This project aims to be a playground for simulating stacked undersampled image reconstruction. In index.ts
a camera is simulated to take "pictures" of an input image. In reconstruct.ts, a primitive image stacker is used as a baseline. In reconstruct_improved.ts, a subpixel-level normalization step is added.
Moiré patterns are created by interference when a pattern ruled to a grid with gaps is shifted and/or rotated overtop of an identical pattern. When using CFA/Bayered data or drizzling data bayered or mono, the gaps in color or in whole pixels exist to cause such an interference pattern. Another way of thinking about it is that the different output color subpixels end up being "observed" for different amounts of time. A reconstruction of the resulting artifact is shown below.
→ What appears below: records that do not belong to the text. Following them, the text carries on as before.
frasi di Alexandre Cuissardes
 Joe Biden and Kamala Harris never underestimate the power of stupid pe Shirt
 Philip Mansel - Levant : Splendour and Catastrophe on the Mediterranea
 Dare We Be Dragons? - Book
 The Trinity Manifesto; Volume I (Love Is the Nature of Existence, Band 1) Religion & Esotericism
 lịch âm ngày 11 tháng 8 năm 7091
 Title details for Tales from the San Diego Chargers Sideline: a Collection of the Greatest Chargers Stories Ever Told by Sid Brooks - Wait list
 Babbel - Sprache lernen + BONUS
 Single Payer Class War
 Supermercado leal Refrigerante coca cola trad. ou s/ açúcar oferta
The immediate goal is to document a technique I thought of for improving image stacking, especially of CFA drizzle bayered images, but also applicable to mono when drizzling with a fractional pixel factor. This improvement involves a subpixel-level normalization process which replaces the typical end normalization step in stacking. At registration time, a copy of each input image is registered with only the fixed pixel grid pattern and not the relative values of the pixels, and these registered fixed grid patterns are then stacked as well, such that whenever an input pixel is used for the final stack its corresponding registered pixel grid pattern is added. The resulting stack which I'm calling the "imaging grid time observed pattern map" or "bayer time observed pattern map" for CFA images can then be divided out of the final image, virtually eliminating fixed grid noise introduced by the shapes of input pixels themselves and/or bayer patterns as long as each output point is observed at least once for each color.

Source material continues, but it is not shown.